Ihor Klymenko, the head of Ukraine’s national police, posted on Facebook on Saturday that 200 policemen were working in the city to set up checkpoints and gather evidence of potential war crimes.
The Russian-appointed administration of the Kakhovka district, east of the city of Kherson, declared on Saturday that it was evacuating its staff, marking what may be the next area to fall in Ukraine’s march on land that Moscow has illegally acquired.

According to Pavel Filipchuk, the Kakhovka leader established by Moscow, the administration is currently the main focus of Ukrainian aggression.

As a result, under the direction of the Kherson region’s government, he posted on Telegram, “We, as an authority, are going to a safer territory, from which we will run the district.”

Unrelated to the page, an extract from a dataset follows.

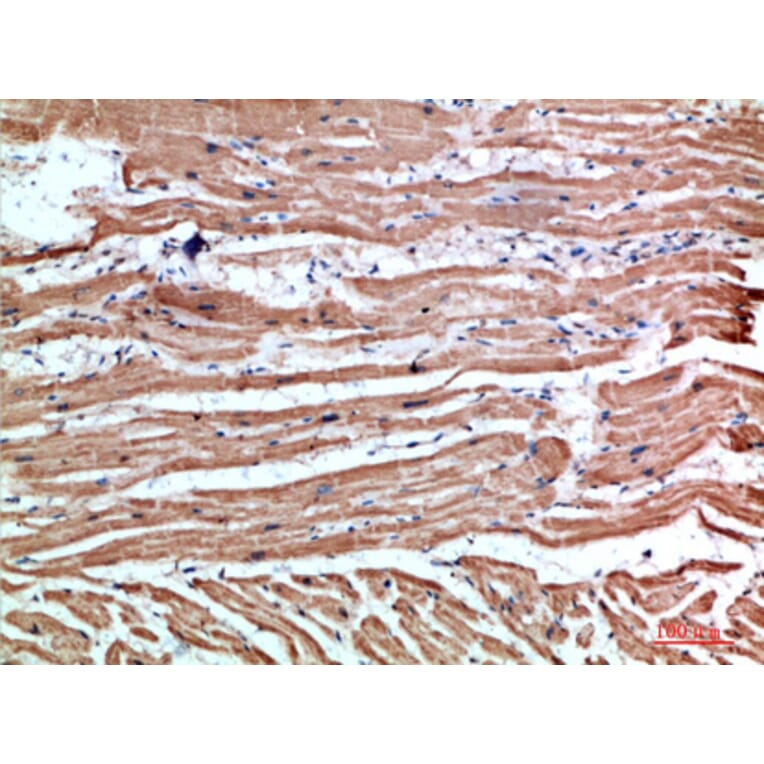 Immunohistochemistry - Anti-NLRX1 Antibody (C31027) - Antibodies.com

On the left bank of the Dnieper River, upstream from the Kakhovka hydroelectric power facility, is Kakhovka.

According to Kyrylo Tymoshenko, the deputy head of the Ukrainian presidential office, six people died on Saturday due to Russian shelling.

He reported on Sunday that there had been four fatalities and one injury in the eastern Ukrainian province of Donetsk, two deaths and two injuries in the Kherson region, and four fatalities and two injuries in the center of Dnipropetrovsk region.

Pictures from Kherson’s social media On Saturday, it was evident that Ukrainian activists were taking down memorial plaques installed by the occupiers. Yellow Ribbon, the Ukrainian resistance movement in the occupied territories, published a video on Telegram of two individuals removing plaques with images of Soviet-era military figures from a park.

Following an intensified Ukrainian counteroffensive in the south of the country, Moscow declared that Russian forces were evacuating across the Dnieper River, which separates the Kherson area of Ukraine from the rest of the country. In the last two months, the Ukrainian military asserted that it had retaken many towns and villages to the north of Kherson, where stabilization efforts were allegedly being made.

Dmytro Kuleba, the foreign minister of Ukraine, attempted to calm the euphoria surrounding the Russian withdrawal from Kherson.

He made the statement while in Cambodia for the ASEAN conference. “We are winning battles on the ground, but the conflict continues,” he said.

According to Russian Foreign Minister Sergey Lavrov, a unified statement on the summit’s outcomes was not adopted because “the American side and its partners insisted on an unacceptable assessment of the situation in Ukraine and around it,” he said in a statement to journalists on Sunday.

Backing Ukraine receives from its Western allies, notably the United States, infuriates the Kremlin.